TASK GOAL -> Pull out every line from the line containing "LE SSERAFIM (르세라핌)" through the end of the material, both ends included, and reproduce it exactly. Keep pictures out.

========

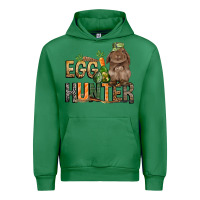 Emerald Egg hunter with rabbit Easter Day Urban Hoodie - HowdyJamesFarm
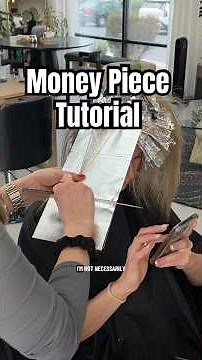How to do a blended money piece blonde #blonde #hairtutorial #moneypiece #blondehairfoilplacement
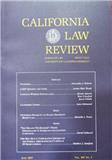 CALIFORNIA LAW REVIEW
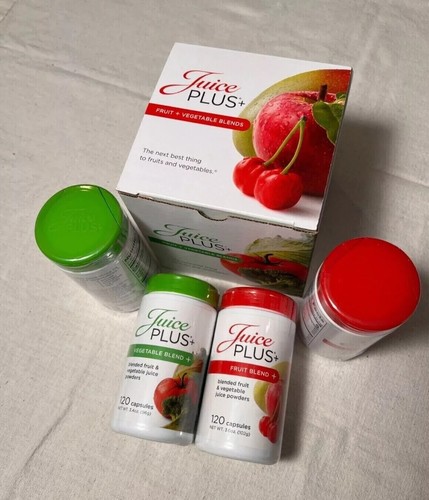 Bottles juice plus - 4, of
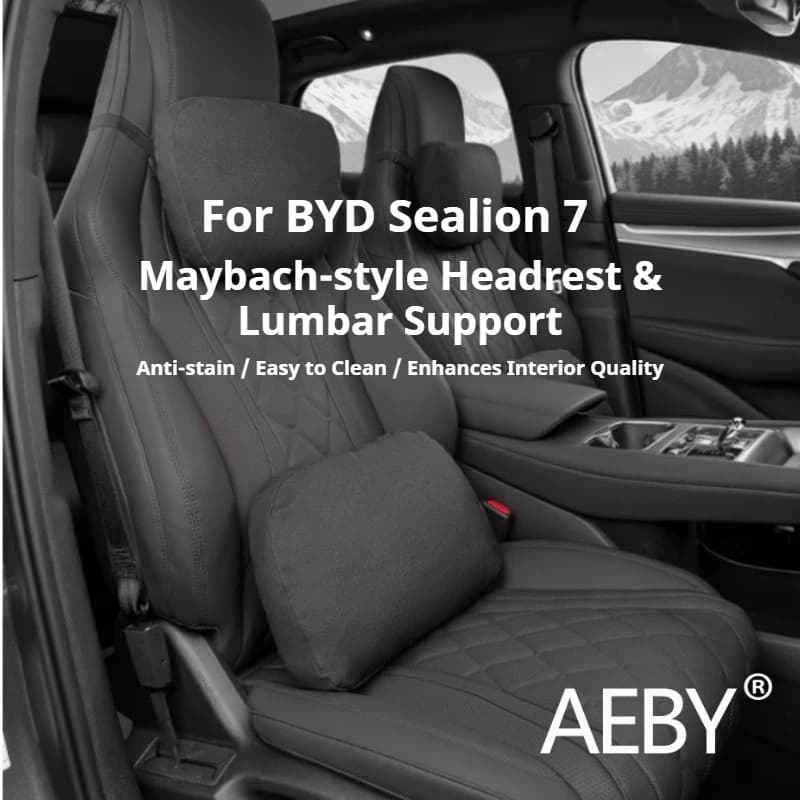 AEBY Per BYD Sealion 7 2024 Auto Poggiatesta Cuscino e Cuscino Lombare Supporto Cuscino Schienale Interni Auto Coprisedile Accessori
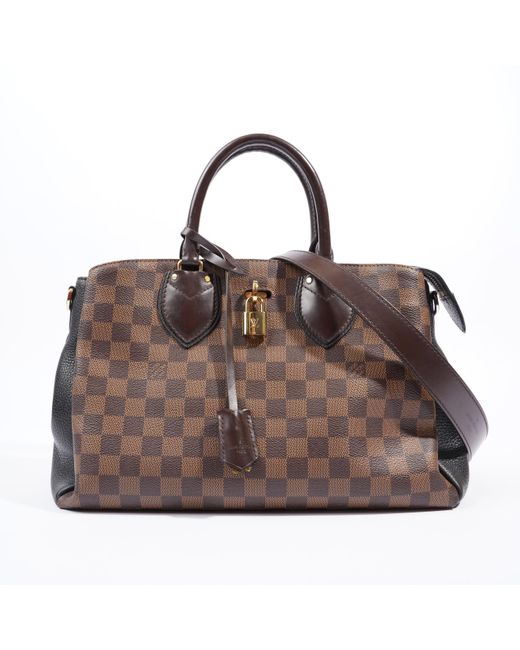 Louis Vuitton Brown Normandy Damier Ebene Coated Canvas Shoulder Bag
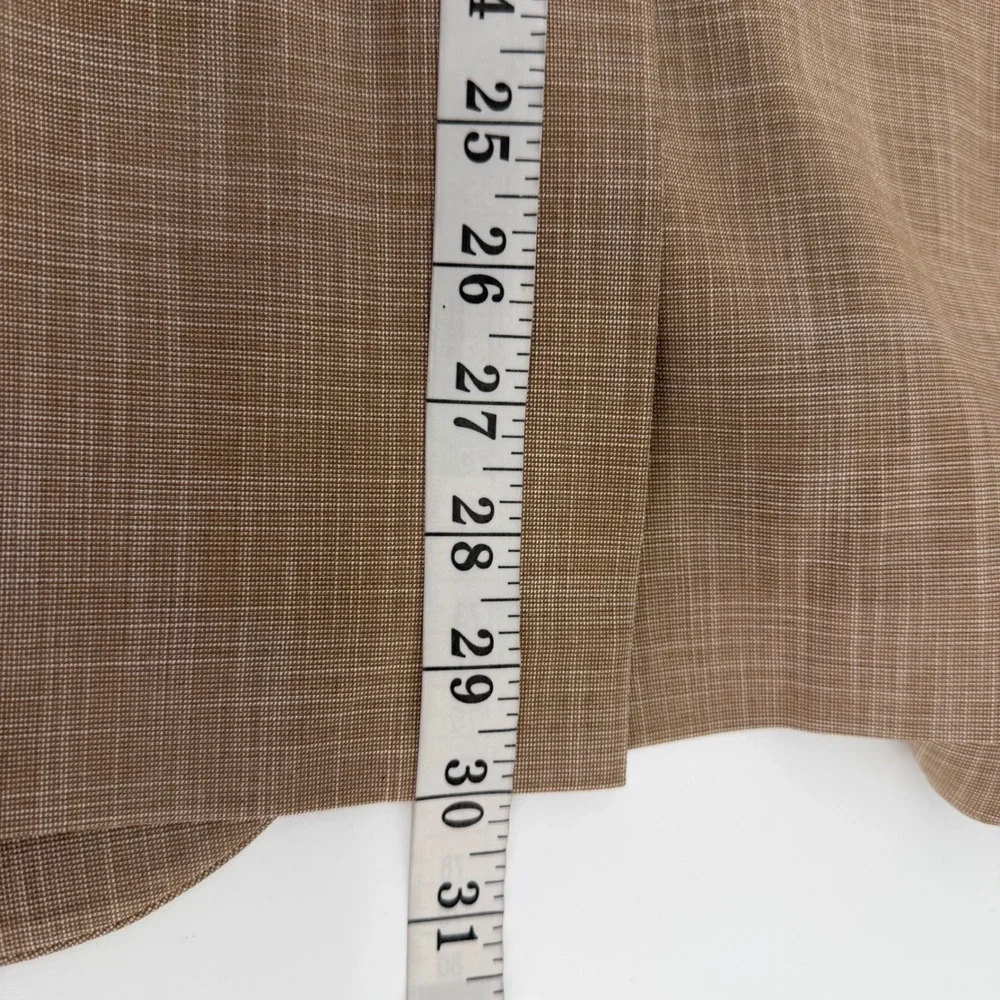 J. Ferrar Blazer Mens 40 Reg Brown Slim Fit Sport Coat Single Button Textured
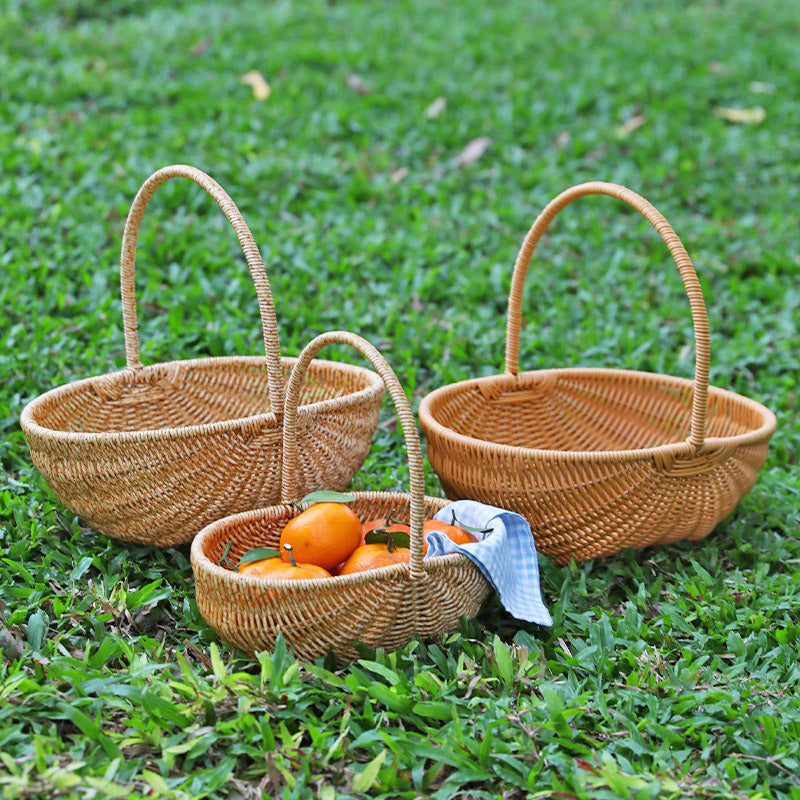 Handwoven Artisan Market Basket Kalsten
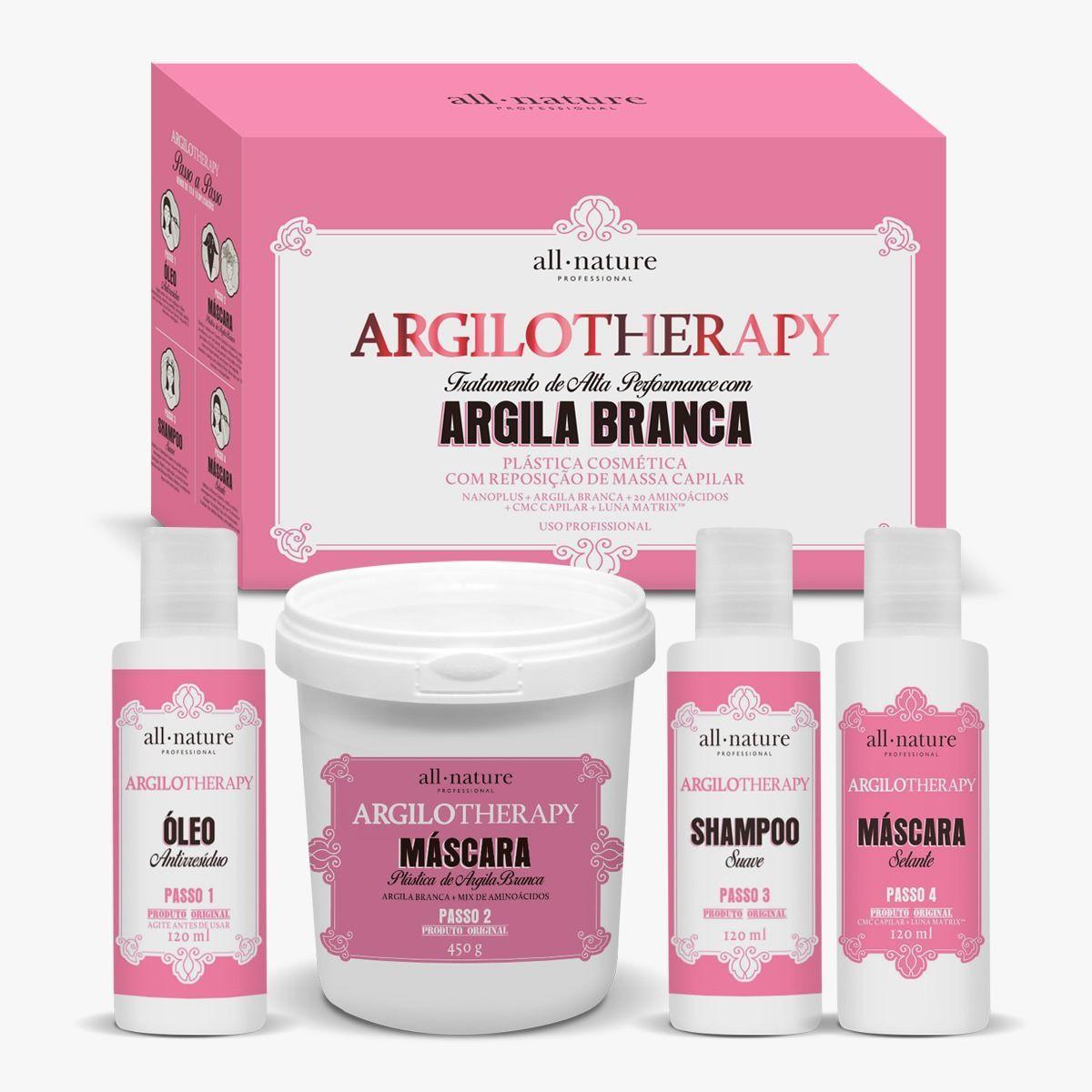 Miniatura Kit Argilotherapy All Nature Mini Tratamento Poderoso
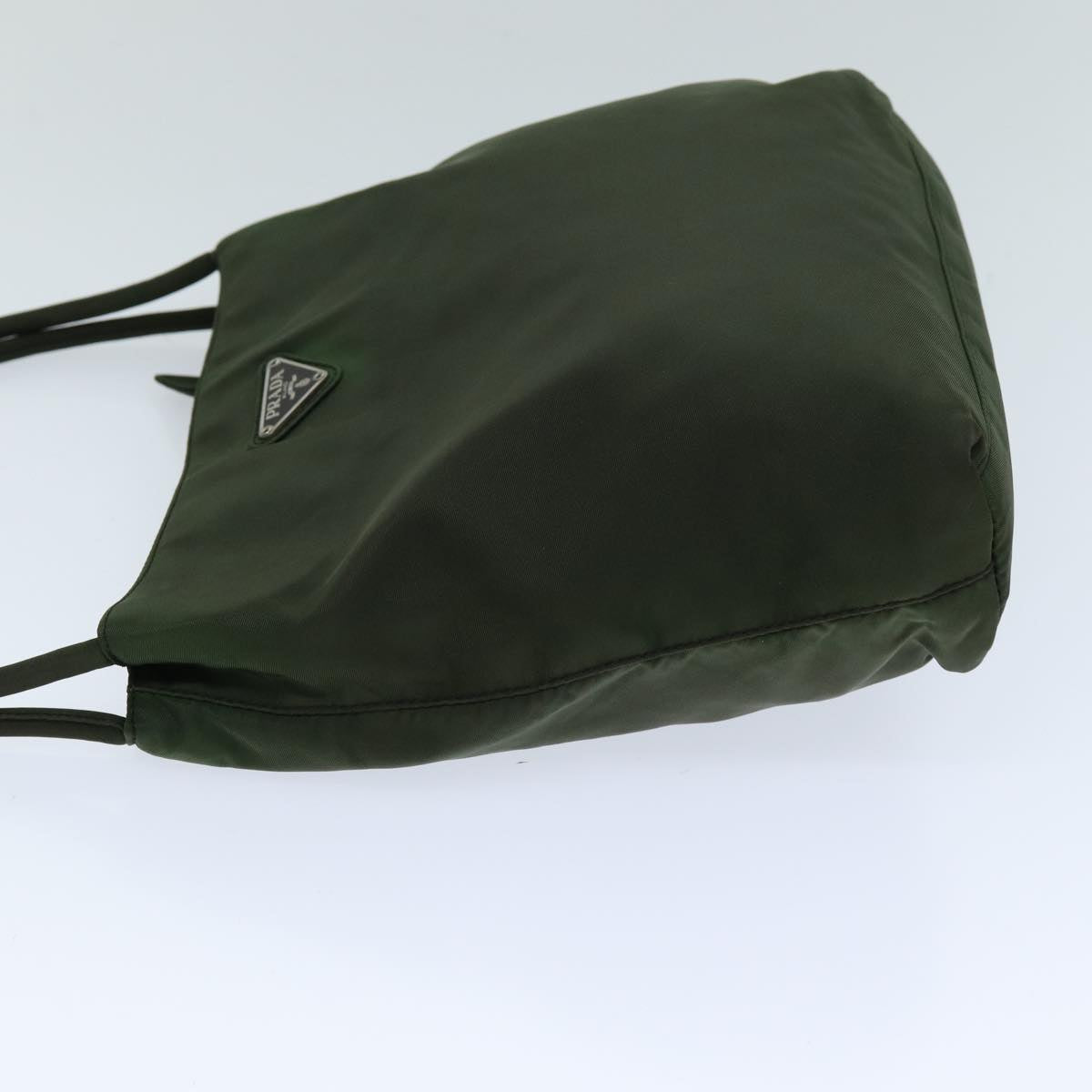 PRADA Tote Bag Nylon Khaki Auth 76802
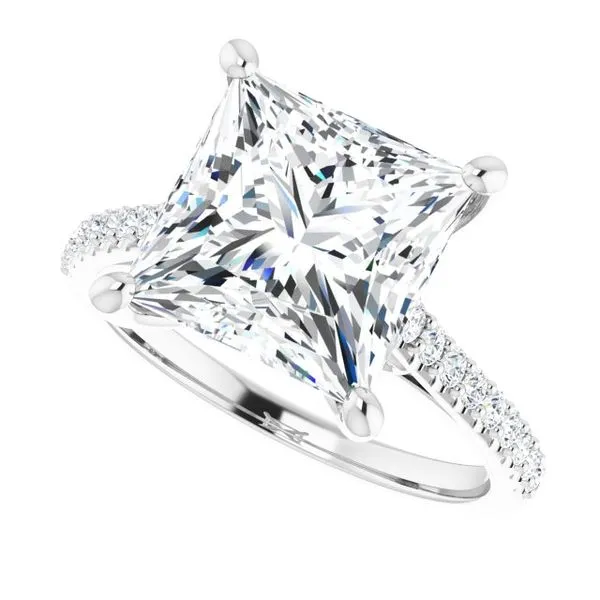 Accented Infinity-Inspired Engagement Ring Image 5 J. Thomas Jewelers Rochester Hills, MI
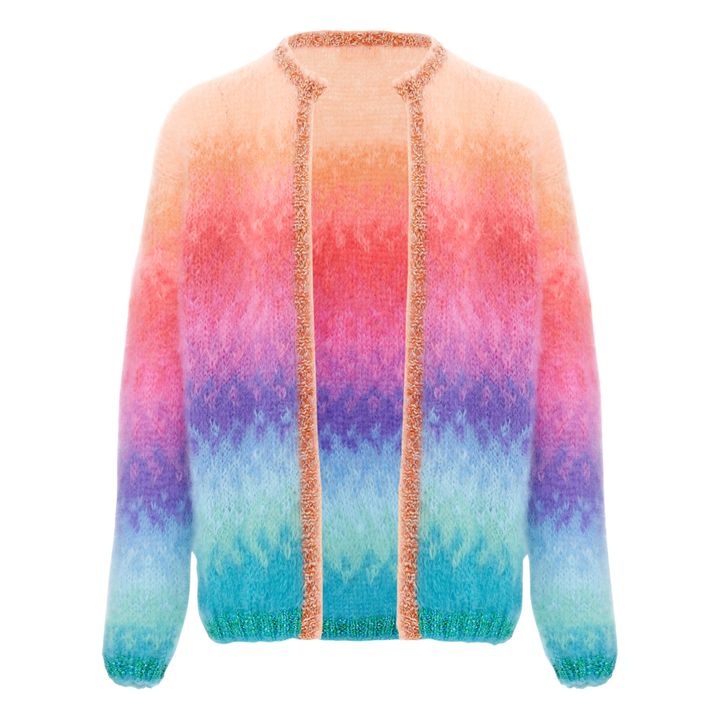 Tie-dyed Mohair Cropped Cardigan altakaful-ins.ps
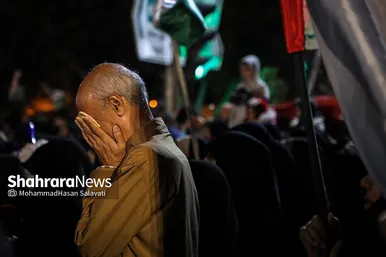 اجتماع مردمی «این المنتقم» در میدان فلسطین مشهد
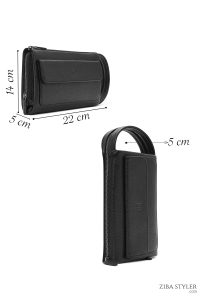 کیف دستی چرمی مردانه مشکی دری مد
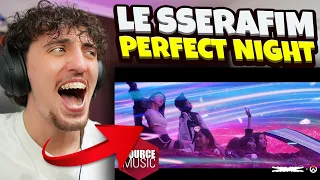 LE SSERAFIM (르세라핌) 'Perfect Night' OFFICIAL M/V with OVERWATCH 2 | REACTION !!!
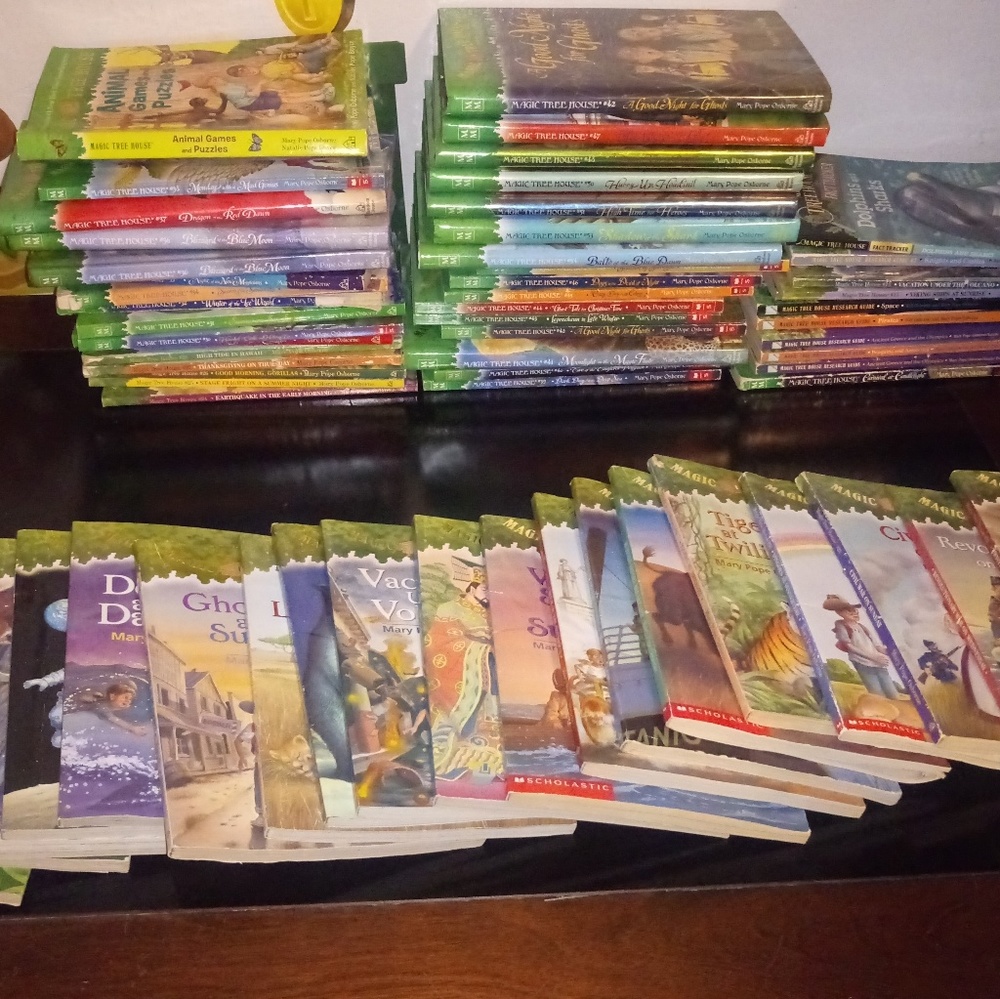 Magic tree house books.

========

RESPONSE FOR THIS EXERCISE ->
 LE SSERAFIM (르세라핌) 'Perfect Night' OFFICIAL M/V with OVERWATCH 2 | REACTION !!!
 Magic tree house books.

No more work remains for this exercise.